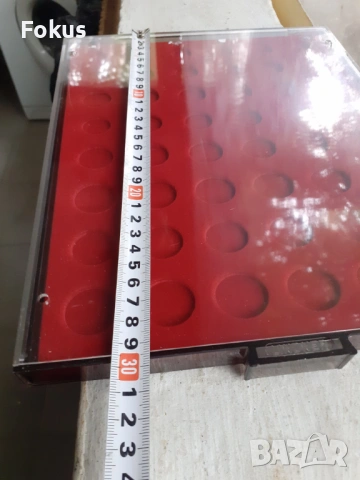 Луксозна кутия за монети Lindner - n3, снимка 6 - Антикварни и старинни предмети - 53371195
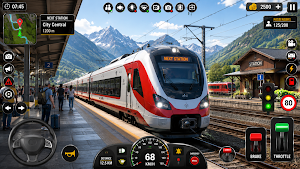 Train Simulator Rail Drive 3D Screenshot 3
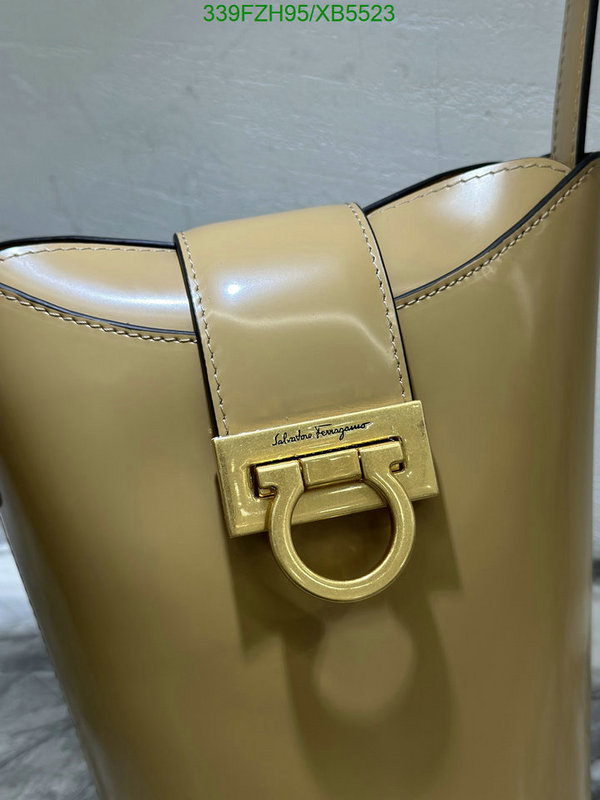 Ferragamo-Bag-Mirror Quality, Code: XB5523,$: 339USD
* * * * * * *
What you need to do: Exclude all pictures and return precisely the lines from the one containing "Train Simulator Rail Drive 3D Screenshot 3" through the closing line of the data.

Response to the exercise:
 Train Simulator Rail Drive 3D Screenshot 3
 Ferragamo-Bag-Mirror Quality, Code: XB5523,$: 339USD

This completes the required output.